Bordeaux – reports are creeping in which strike fear into the heart of many merchants – and their customers. 2010 is another great vintage. Even worse, it’s a small vintage, so that allocations will be down. Can prices go yet higher, or will this bubble burst?
Cool wet conditions during the flowering in June resulted in coulure and millerandage – lack of fruit set and small, pipless grapes, so limiting the potential harvest. The yields were further limited by the extremely dry weather in July and August. Although dry, there were never any extremes of temperature – a summer much more like 2005 than 2009, with cool nights. One report puts it “the extreme lack of water is reason behind the remarkably small berry size, which is linked to the even greater phenolic concentration that in 2009 along with astonishing preservation of acidity and aromatic richness” (Sovivins).

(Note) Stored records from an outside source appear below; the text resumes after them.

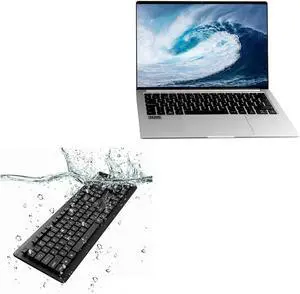 BoxWave Keyboard Compatible with Slimbook Executive (14 in) - AquaProof USB Keyboard, Washable Waterproof Water Resistant - Jet Black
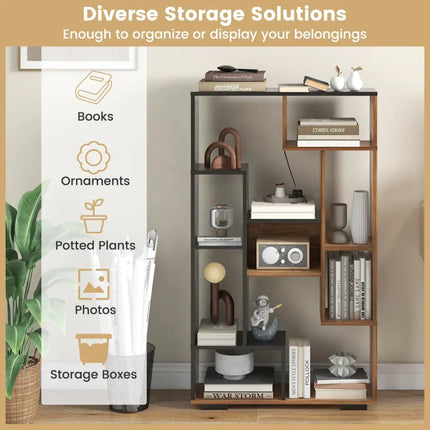 47-Inch Tall Bookshelf for Home Office Living Room-Natural & Black Costway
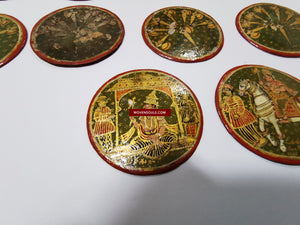 1381 vecchie carte da gioco Ganjifa dipinte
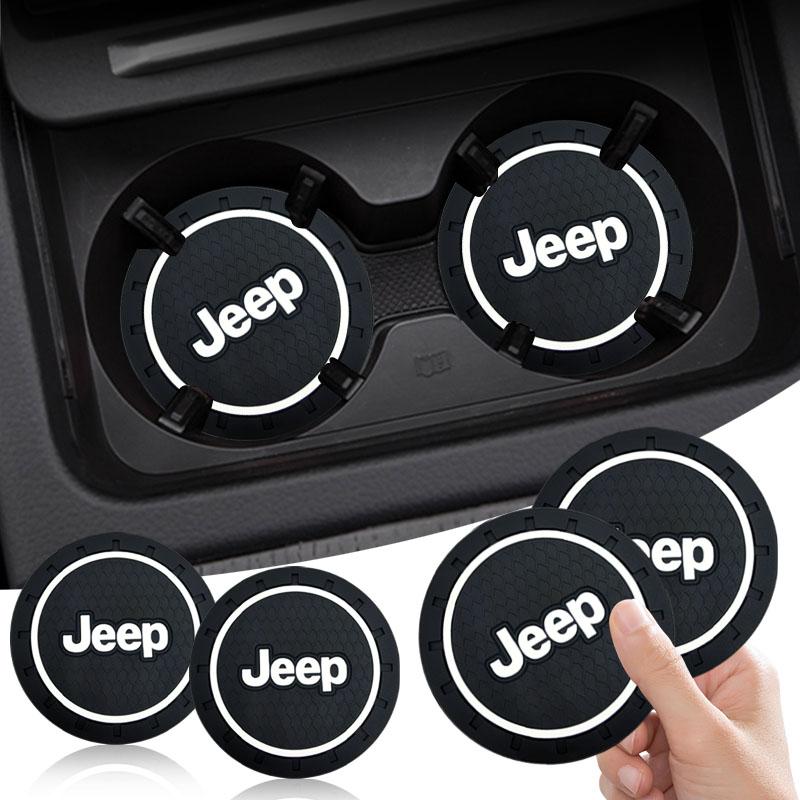 1/2pc Car Heat-resisting Coaster Silica Gel Water Cup Slot Dirt Pad For Jeep Wrangler Grand Cherokee Renegade Tyre Stem Air Caps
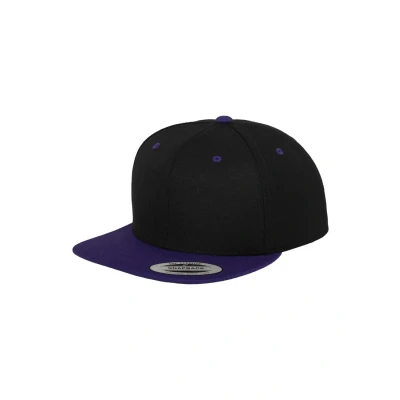 Bild av Flexfit Unisex klassisk Snapback 2 tons keps, för kvinnor och män, finns i 17 färger, en storlek passar alla, Svart/lila, one size
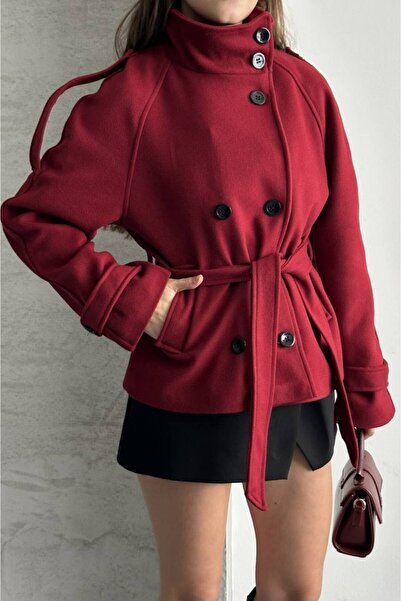 asyadabutik Women's Mock Neck Belted Short Lined Cashmere Coat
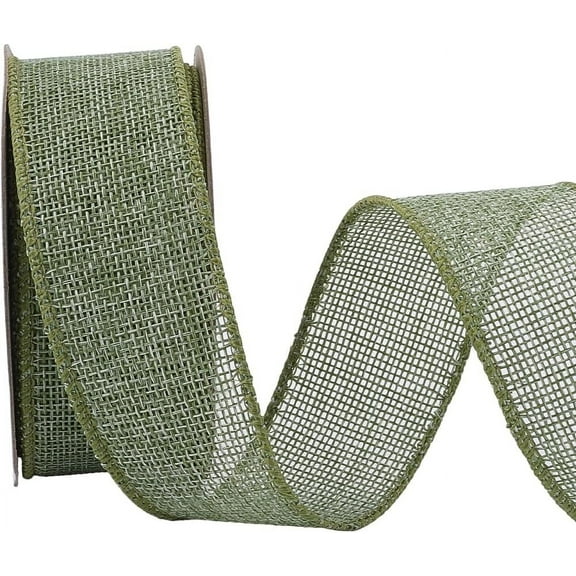 10 Yards 1.5 Inch Green Burlap Wired Edge Ribbon Natural Soild Wide Wire Rustic Fabric Ribbons Bulk Roll with Spool for Sewing Making Crafts Wreaths Gift Wrapping Diy Home Party Decor Supply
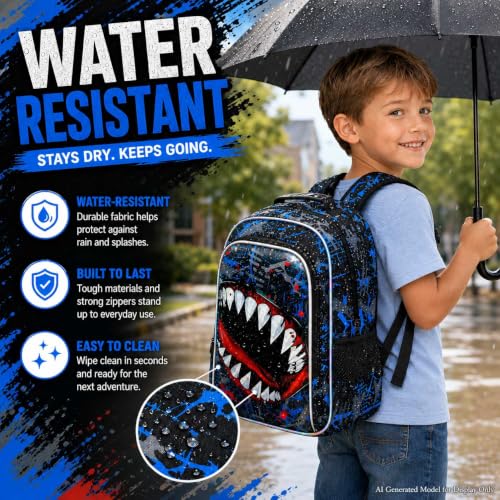 Image of 3Pcs Backpack for Boys, 17 inch Shark Kids Bookbag with Lunch Box, School Backpacks for Elementary Preschool Kindergarten (Blue)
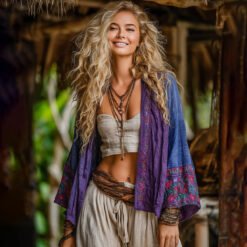 Linen Shawl-printed Buttonless Shirt Travel Ethnic-style Shawl - GKNH57164U2, M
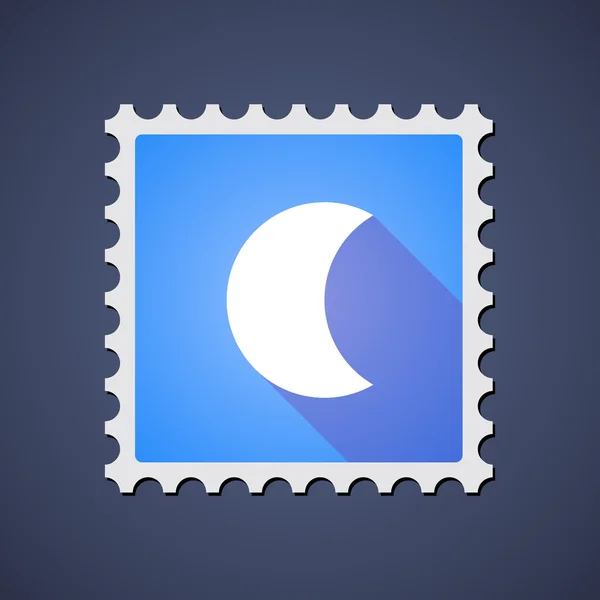 Blue mail stamp icon with a moon — Stock Vector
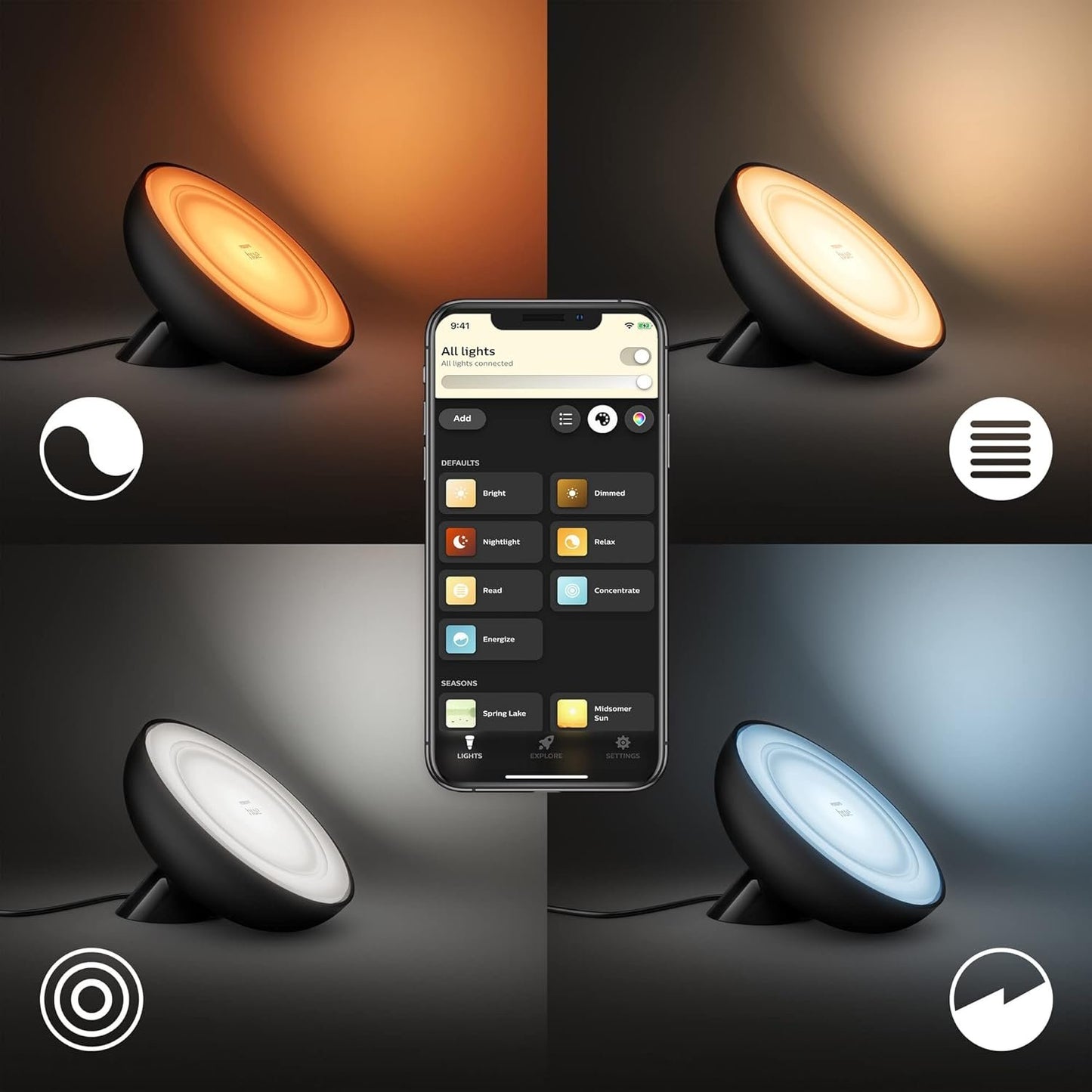 Philips Hue Bloom Colour Smart LED Portable Lamp Black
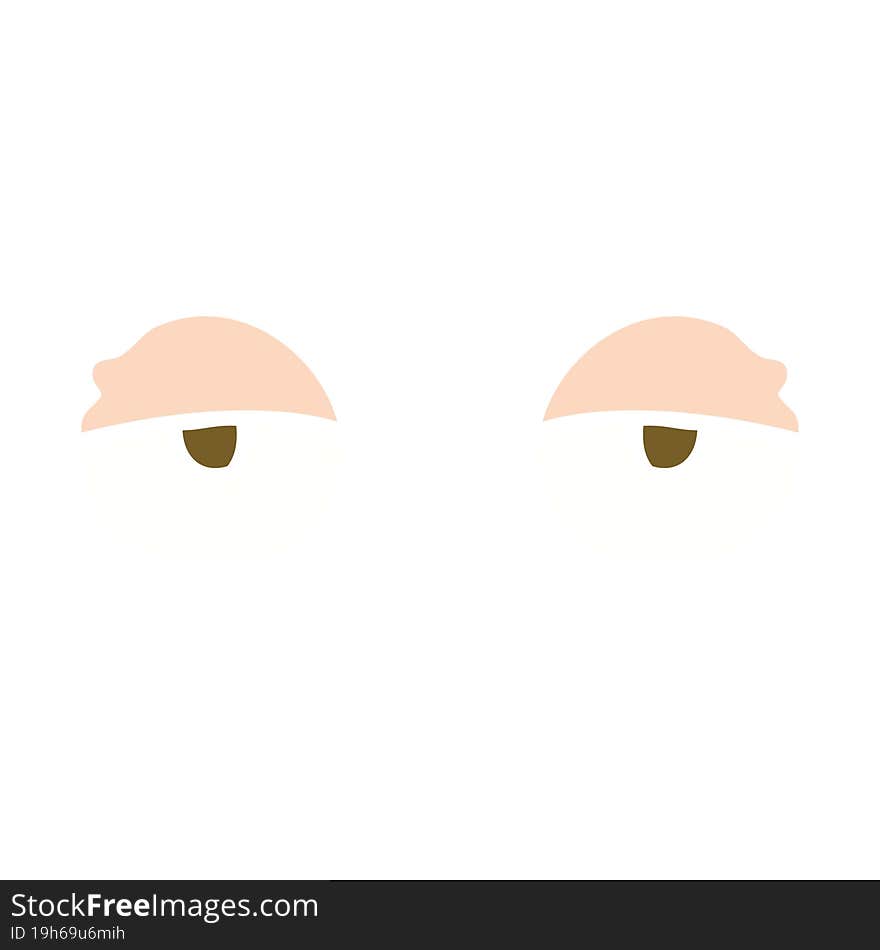 Flat Color Illustration Of A Cartoon Tired Eyes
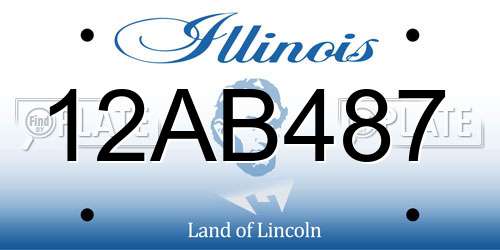 12AB487 Illinois License Plate
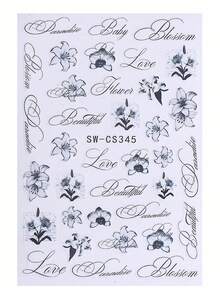 2片装3D立体花朵字母美甲贴纸，黑色渐变芙蓉花瓣，哥特浪漫英文字母花卉图案，Y2K美学，自粘凝胶美甲贴花，春夏款 - 彩色 - 查看 3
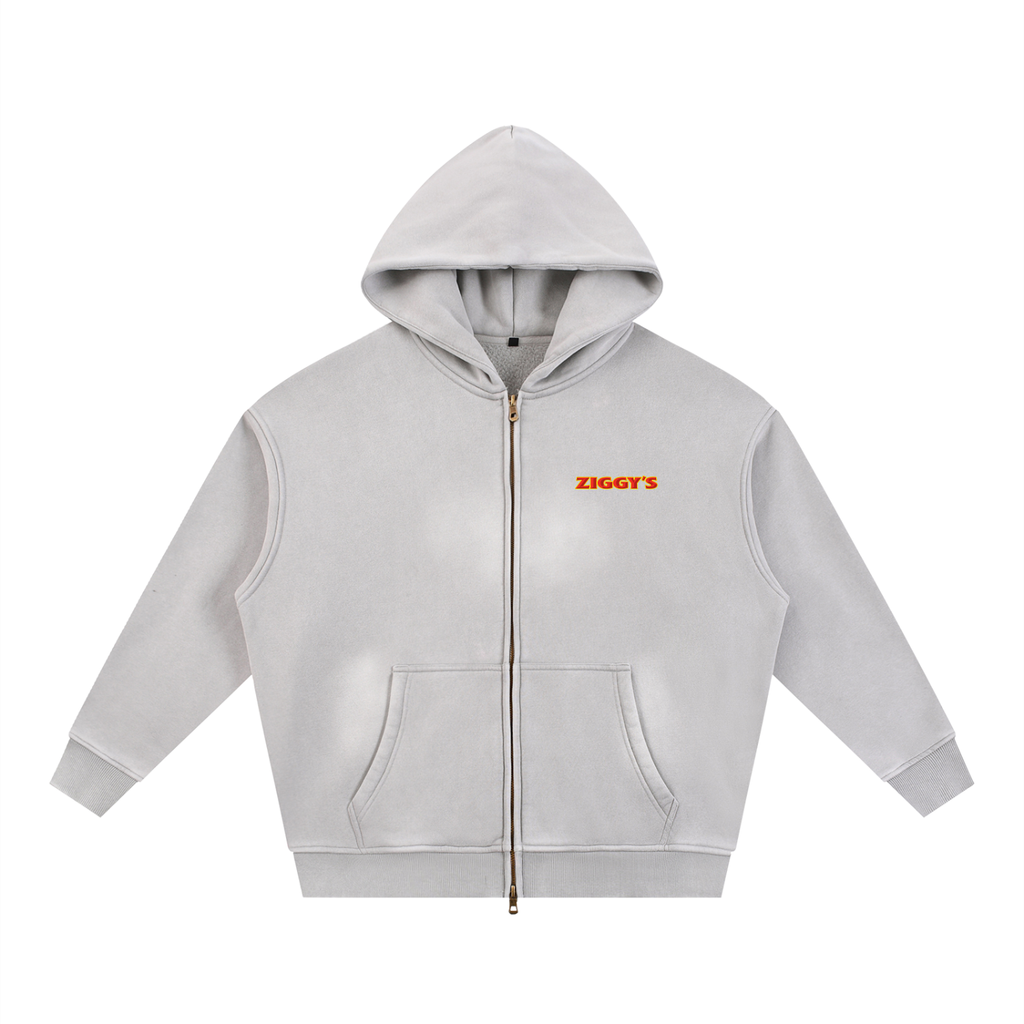 Sunfade Two-way Zipper Boxy Fleece Hoodie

There are the usual caveats – some alcohol levels have gone very high – Chantal Amart of Château Montaiguillon reported in the week before the harvest that she had Merlots at 15% and Cabernets at 13.5%, and was hoping for rain to swell the grapes a little. As usual some will be unable to resist trying to extract everything that can be extracted, and as usual some monsters will be made.
So there you have it – start saving up now – or, if you want to drink what you buy rather than sell it, concentrate on filling your cellar with 2009 Burgundy.
Following the recent ‘clarification‘ by HMRC about the tax status of wine (investment cellars to be valued at resale value not cost), one has to wonder whether the special status of wine as an investment as opposed to a drink is not being whittled away – although in reality nothing has been changed by this announcement.